▶ Dataset

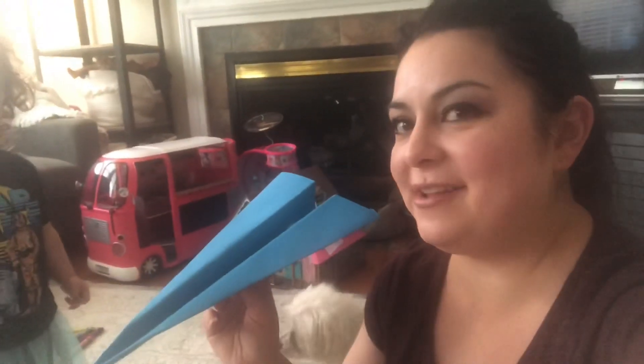Thanks for joining us for rocket ship science and airplanes. The letter of the week is Z for Zoom — and that's what rocket ships do, they zoom! Let's see how this one zooms. Z for Zoom, Z for Zen. Thank you for joining us, have a great week, bye bye!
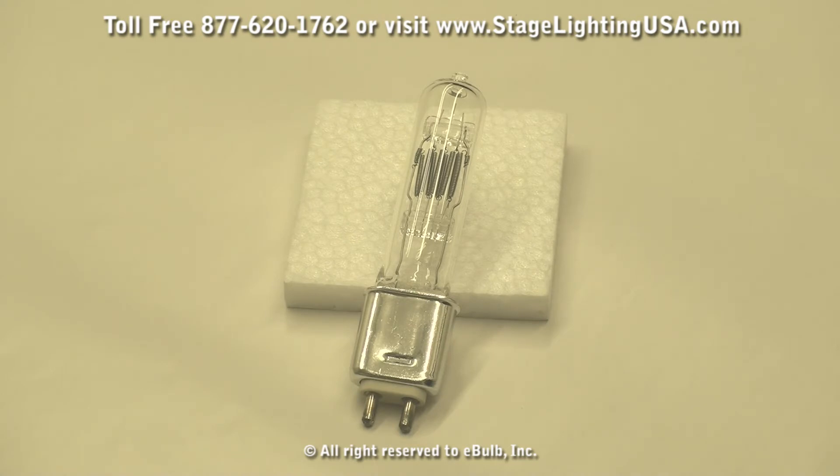This lamp has a rated hour life of about 1,500 hours and uses the C13D filament setup, meaning you can actually put this in any type of position — horizontal, vertical, or upside down — for your stage lighting equipment. If you have any questions regarding this or any of our other product line, please visit us at StageLightingUSA.com or contact our customer service team at 877-620-1762.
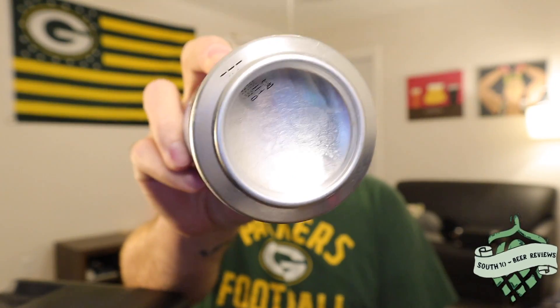Pretty cool stuff. This one comes in at 8% and I can't quite read the date — it's all thrown off to the side. I think one of the other cans said it was from July somewhere, so probably about eight weeks old or somewhere around there. But yeah, let's go ahead and get it poured.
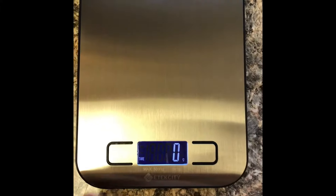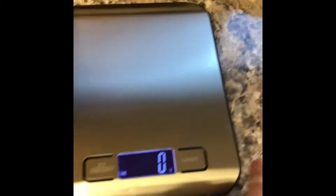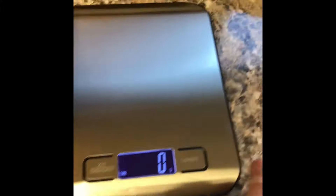The scale actually looks really pretty — not that it has to be pretty, but still nice. The batteries are already included — you just pull the little tab and it's on. You can switch the unit: right now we're in grams, then ounces, milliliters, pounds, and back to grams. I'm probably going to do everything in ounces.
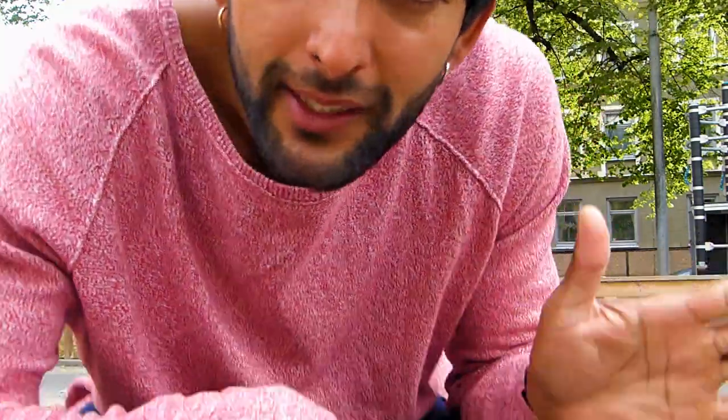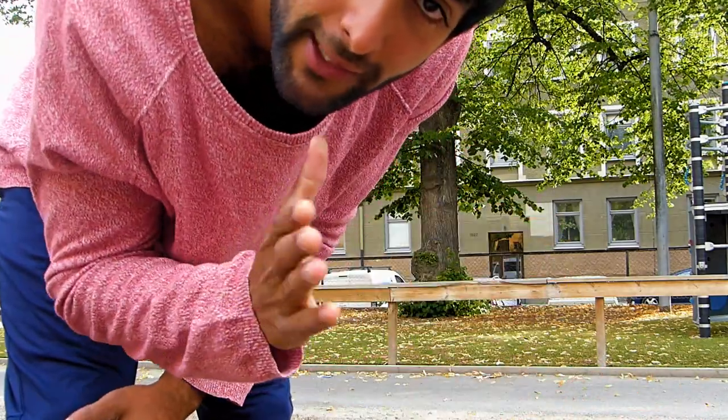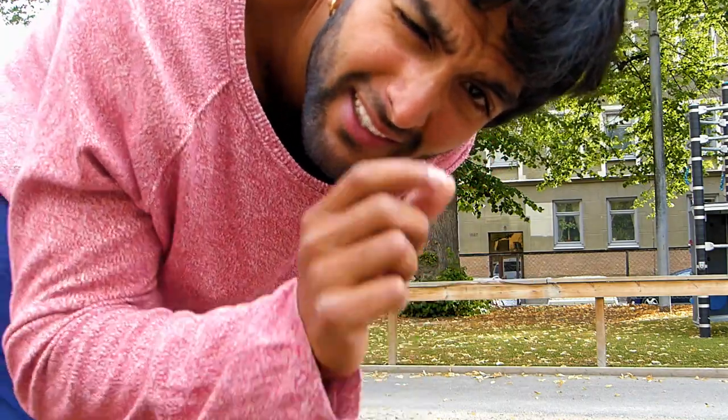Step number four: as soon as the last hand hits the wall or the object, try to twist on the opposite side. So if you were twisting to the left, then this hand is gonna touch down and push you to twist to the other side — not even a half spin, not even a whole spin, just a little bit.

▶ Exercise brief
An exact copy of every record above is needed, with all pictures left out.

▶ Solution for this problem
Thanks for joining us for rocket ship science and airplanes. The letter of the week is Z for Zoom — and that's what rocket ships do, they zoom! Let's see how this one zooms. Z for Zoom, Z for Zen. Thank you for joining us, have a great week, bye bye!
This lamp has a rated hour life of about 1,500 hours and uses the C13D filament setup, meaning you can actually put this in any type of position — horizontal, vertical, or upside down — for your stage lighting equipment. If you have any questions regarding this or any of our other product line, please visit us at StageLightingUSA.com or contact our customer service team at 877-620-1762.
Pretty cool stuff. This one comes in at 8% and I can't quite read the date — it's all thrown off to the side. I think one of the other cans said it was from July somewhere, so probably about eight weeks old or somewhere around there. But yeah, let's go ahead and get it poured.
The scale actually looks really pretty — not that it has to be pretty, but still nice. The batteries are already included — you just pull the little tab and it's on. You can switch the unit: right now we're in grams, then ounces, milliliters, pounds, and back to grams. I'm probably going to do everything in ounces.
Step number four: as soon as the last hand hits the wall or the object, try to twist on the opposite side. So if you were twisting to the left, then this hand is gonna touch down and push you to twist to the other side — not even a half spin, not even a whole spin, just a little bit.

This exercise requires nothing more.